Reaching the Togei Center required biking on a narrow concrete raised path between rice paddies, and I could see the many herons, as well as snakes and small fish in the stream and the roadway for the passing cars and trucks. It was a sharp incline to the Center high up in the mountainside, and once in the studio you could watch the bullet train in the distance speed past the town of Imbe on its way to Okayama. I spent time with many potters, but mostly the team who assisted me in the production of the piece I was working on. Our conversations centered on bizen clay, the history, the firing, what stage in the process a person was in, whose kiln I might want to visit, what projects the neighbors were working on. The train station featured a small gallery and a relatively new coffee shop, and it served as a kind of meeting place.

I took frequent walks to visit the site of the massive communal tunnel kilns behind the train station, built at a time when the town once thrived for its ceramic wares. When I was alone, the landscape would bring up feelings of love and grief related to my Japanese family. I remember looking at the great hill of shards that amassed from years of discarded pottery. Each shard was a reminder of what it was not, of a void, while also holding its own unique shape.
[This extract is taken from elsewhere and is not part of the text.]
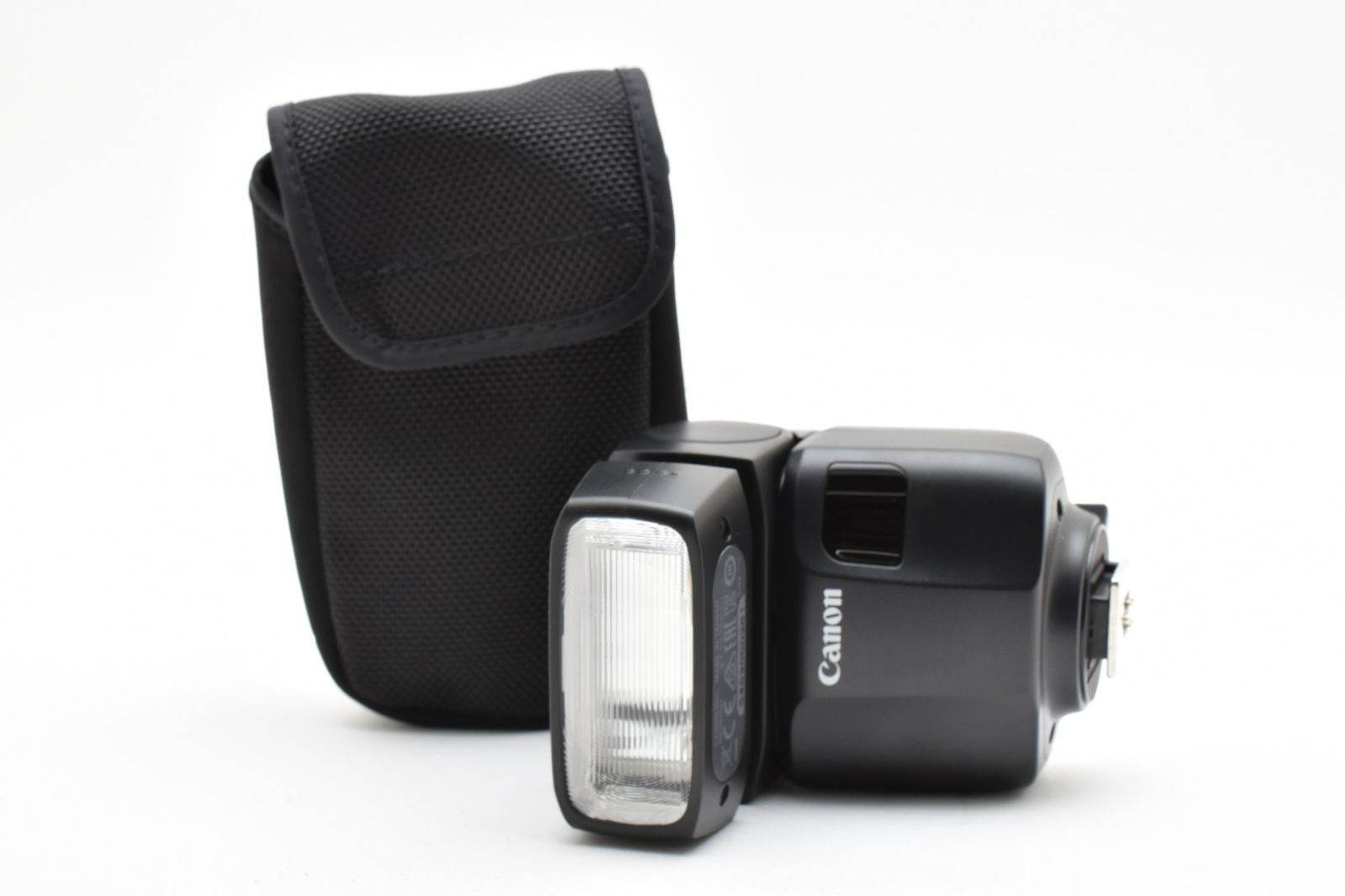 級 キヤノン Canon スピードライト EL-100 SPEEDLITE LL110 5674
I ended up returning a few years later to create a sculptural piece for a solo exhibition at the MFA in Boston. It was based on a drawing of 52 shapes. The number and form in the drawing is both arbitrary and emotional, something I can’t quite articulate but linked to the experience of that time a few years back. The drawing became a blueprint and it was scaled up to the size of the corner space in the Eunice and Julian Cohen Galleria of the MFA, and with as much precision as possible, the drawing went from pencil line to bizen clay which was then fired and sent from Imbe, Japan to the US and installed at the MFA.